Merge source

The merge source is a source that is able to infer the sameness of entities across multiple datasets. The source uses a set of equality rules to figure out which entities are the same. Equality is resolved transitively, so if A is the same as B and B is the same as C then A, B and C are all considered the same.

Deletes will be output for entity ids that are no longer applicable. This typically happens when an entity is first merged with one entity and then later merged with some other entities, and the id of the resulting entity changes. Those entities will also have the $replaced property set to true.

If an entity is deleted in its source dataset then the entity will not be merged, but instead output as a standalone entity with _deleted set to true.
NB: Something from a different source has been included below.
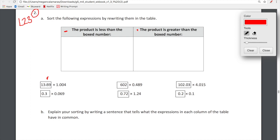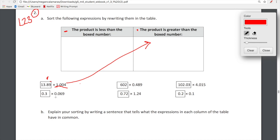So 13.89 is in the box — it's being multiplied by a number that is greater than one. So the product is going to be greater than the boxed number. Whenever we multiply something by a value that is greater than one, we're going to end up with a product that's greater than the original number. What about 0.3 times 0.069? This scaling factor is less than one, so the product is going to be less than our original number.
Merging follows the same rules as joins in hops.

Good to know

Equality expressions that return null or empty lists will not cause merging. This fact can be used to your advantage to prevent merging from happening in certain situations. An example is to filter out the values that you do not want to be merged on.

Warning

The merge source version 2 with identity set to first does support the same entity id originating from more than one source dataset, but only iff there is an equality set on the _id property or the $ids property for all the datasets that have overlapping entity ids.

Warning

If configuration changes are required then be aware of the following:

  • Equality rules added after the merge source has processed entities from the involved datasets will not cause merging of those entities based on the added equality rules. Only equality rules available at the time of processing will take effect. If that is not what you want then the pipe must be reset/rescanned in order to produce the desired result.

  • Using merge source version 1 any reordering will require a reset of the pipe and maybe deletion of the downstream dataset.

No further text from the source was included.